Thursday, March 29, 2012

Phil attends the exclusive screening of NAPOLEON at the Paramount Theatre in Oakland-March 24, 2012

This past Saturday I, along with several thousand other movie lovers, attended the first screening of a two-weekend event of Abel Gance's 1927 long, lost silent film classic NAPOLEON. Presented by the San Francisco Silent Film Festival, in association with the British Film Institute (BFI), The Film Preserve, Photoplay Productions, and director Frances Ford Coppola's American Zoetrope, the film was brought to the magnificent art deco Paramount Threatre in Oakland, California. Bringing this 5 1/2-hour silent film to life was conductor Carl Davis, who along with the 46-piece Oakland East Bay Symphony, performed an outstanding musical score. To say that this was THE movie event of the year would be a gross understatement.

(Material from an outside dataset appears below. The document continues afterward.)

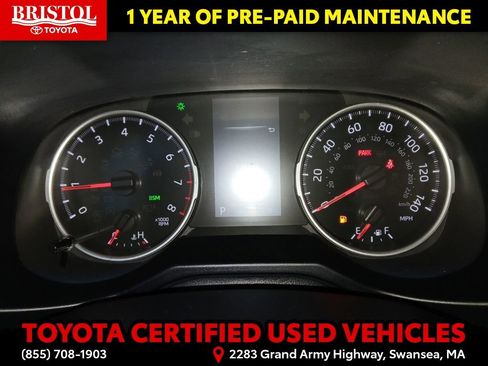 Certified 2022 Toyota RAV4 XLE Premium image 29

For me, the day started with excitement and anticipation. Myself along with my good friend Jason Wiener (from Jason Watches Movies) and Christopher J. Garcia (Cinequest) had front row seats to this ultimate cinematic experience (we aren't called the Front Row Freaks for nothing). I also saw other friends that I usually see at the SF Silent Film Festival at the Castro Theatre during July. This was my first time being at the Paramount Threatre, and I have to say that this place is THE most amazing and breathtaking theatre that I have ever seen! The art deco was just fabulous, and the incredible details that are found in everything; the boxoffice, the carpets, the stairs, the lobby, everything is art deco and I loved it! If you haven't been to the Paramount Theatre yet, good news folks! They give tours of the theatre! So next time you're out here, make sure that this place in one of your destinations!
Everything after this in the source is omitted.